Tout cela a-t-il une réelle valeur scientifique ?

La question importe relativement peu. Ce qu'il faut retenir surtout, c'est que le pasteur de Bouquet était animé d'une profonde charité chrétienne et qu'il sut la faire rayonner en l'appliquant au service de ses frères.

Cours abrégé de grammaire française »

Mais il ne s'occupait pas seulement des intérêts matériels de ses paroissiens, il voulut aussi coopérer au développement de leur esprit. C'est en pensant aux jeunes gens de Bouquet, dont l'instruction laissait certainement beaucoup à désirer, qu'il composa, en 1791, un « Cours abrégé de Grammaire française » (7).

Il y aurait bien des observations intéressantes à relever dans ce petit volume. Inspiré sans doute de différents auteurs - seul, le grammairien de Walli est cité - il se distingue par une originalité charmante et des qualités pédagogiques remarquables.

Chaque leçon débute par un résumé rapide en quelques vers dont le but est évidemment mnémotechnique.

Des exemples nombreux, pour la plupart empruntés à quelque oeuvre morale ou religieuse, montrent que le pasteur ne veut pas entièrement s'effacer derrière l'éducateur. Il saisit toutes les occasions pour que l'esprit des enfants soit meublé positivement.

Etudie-t-il le superlatif relatif ? Il propose cet exemple typique à ses élèves :

« La religion est, de toutes les sciences, la plus digne de notre étude. Nos livres sacrés sont les plus estimables, les plus respectables et les plus intéressants de tous les livres. »

Ce « Cours abrégé de Grammaire française » n'a pas seulement la valeur d'un livre bien fait et complet, il offre aussi au lecteur une série de renseignements sur l'auteur lui-même.
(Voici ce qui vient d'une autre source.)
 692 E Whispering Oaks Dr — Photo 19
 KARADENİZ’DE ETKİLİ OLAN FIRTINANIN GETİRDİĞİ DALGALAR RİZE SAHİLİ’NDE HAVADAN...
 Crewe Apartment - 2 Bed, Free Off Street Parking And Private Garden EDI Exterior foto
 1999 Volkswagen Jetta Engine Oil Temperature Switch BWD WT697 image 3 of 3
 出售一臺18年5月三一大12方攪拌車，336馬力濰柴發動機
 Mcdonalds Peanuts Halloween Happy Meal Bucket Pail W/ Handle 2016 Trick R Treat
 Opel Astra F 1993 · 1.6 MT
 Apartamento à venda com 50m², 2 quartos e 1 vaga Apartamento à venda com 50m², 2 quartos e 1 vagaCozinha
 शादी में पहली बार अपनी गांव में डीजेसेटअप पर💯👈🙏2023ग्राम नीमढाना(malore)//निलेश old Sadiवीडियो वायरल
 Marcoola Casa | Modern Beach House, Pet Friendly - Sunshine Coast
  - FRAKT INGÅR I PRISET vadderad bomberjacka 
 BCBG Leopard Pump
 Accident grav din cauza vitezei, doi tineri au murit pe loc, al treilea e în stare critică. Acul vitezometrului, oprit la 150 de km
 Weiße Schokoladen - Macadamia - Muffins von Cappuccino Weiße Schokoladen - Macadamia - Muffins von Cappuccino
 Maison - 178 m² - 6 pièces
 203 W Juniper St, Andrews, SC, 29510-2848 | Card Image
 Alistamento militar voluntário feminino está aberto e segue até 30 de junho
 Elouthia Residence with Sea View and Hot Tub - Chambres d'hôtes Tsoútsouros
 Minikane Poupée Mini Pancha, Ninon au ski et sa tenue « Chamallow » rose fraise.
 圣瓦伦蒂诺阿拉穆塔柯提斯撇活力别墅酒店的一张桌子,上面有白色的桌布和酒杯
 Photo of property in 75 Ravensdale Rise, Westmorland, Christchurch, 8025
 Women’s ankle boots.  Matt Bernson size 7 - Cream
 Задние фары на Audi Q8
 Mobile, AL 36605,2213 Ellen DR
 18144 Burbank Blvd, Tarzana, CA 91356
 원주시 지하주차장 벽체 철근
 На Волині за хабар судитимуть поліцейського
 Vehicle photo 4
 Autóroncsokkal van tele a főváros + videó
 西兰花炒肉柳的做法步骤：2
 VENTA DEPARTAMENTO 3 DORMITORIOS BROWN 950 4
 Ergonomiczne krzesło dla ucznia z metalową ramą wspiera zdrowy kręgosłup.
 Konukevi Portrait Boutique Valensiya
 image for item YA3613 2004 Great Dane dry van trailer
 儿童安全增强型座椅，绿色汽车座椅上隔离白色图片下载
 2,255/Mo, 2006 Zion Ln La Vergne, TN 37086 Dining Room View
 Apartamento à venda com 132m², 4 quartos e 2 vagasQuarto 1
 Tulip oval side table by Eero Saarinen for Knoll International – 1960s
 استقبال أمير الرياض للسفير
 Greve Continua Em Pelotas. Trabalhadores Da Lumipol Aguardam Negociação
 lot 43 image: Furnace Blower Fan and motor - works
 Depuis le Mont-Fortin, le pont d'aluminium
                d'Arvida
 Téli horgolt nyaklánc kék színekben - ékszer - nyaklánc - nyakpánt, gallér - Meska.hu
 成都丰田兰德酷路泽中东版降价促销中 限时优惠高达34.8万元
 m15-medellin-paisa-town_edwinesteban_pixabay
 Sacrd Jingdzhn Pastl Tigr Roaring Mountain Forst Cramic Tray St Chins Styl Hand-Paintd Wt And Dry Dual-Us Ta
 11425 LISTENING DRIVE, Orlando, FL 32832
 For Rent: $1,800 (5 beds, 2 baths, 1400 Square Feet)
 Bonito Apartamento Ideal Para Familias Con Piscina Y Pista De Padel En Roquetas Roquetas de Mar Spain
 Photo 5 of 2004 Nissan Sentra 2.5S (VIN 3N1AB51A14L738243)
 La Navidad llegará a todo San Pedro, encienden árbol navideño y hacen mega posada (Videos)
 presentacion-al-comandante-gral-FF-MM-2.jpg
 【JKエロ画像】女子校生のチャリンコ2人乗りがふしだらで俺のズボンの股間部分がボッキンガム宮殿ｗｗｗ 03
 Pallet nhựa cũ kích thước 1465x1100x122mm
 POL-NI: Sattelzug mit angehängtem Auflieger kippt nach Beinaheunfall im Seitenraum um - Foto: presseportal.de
Il lui apprend, entre autres choses, que Simon Lombard connaissait, outre le latin et le grec, quelques éléments d'italien ; qu'il avait un goût prononcé pour l'Histoire Ancienne et les auteurs latins ; qu'il avait une prédilection marquée pour les écrivains du XVIIe siècle, en particulier Racine, Corneille, La Fontaine et Pascal ; qu'enfin Boileau et Vaugelas étaient ses modèles et ses inspirateurs en composition littéraire.

Encore un « Catéchisme... »

Pour achever l'énumération des travaux du pasteur de Lussan, il faut encore citer un nouvel ouvrage d'édification : son « Catéchisme abrégé de l'Ecriture Sainte » (8). Ce Catéchisme n'est pas exclusivement destiné aux jeunes, mais à tous les fidèles qui désirent compléter leur instruction religieuse et développer leur connaissance de la Bible ; l' « Avertissement » qui le précède en montre bien la caractéristique et en dit l'originalité.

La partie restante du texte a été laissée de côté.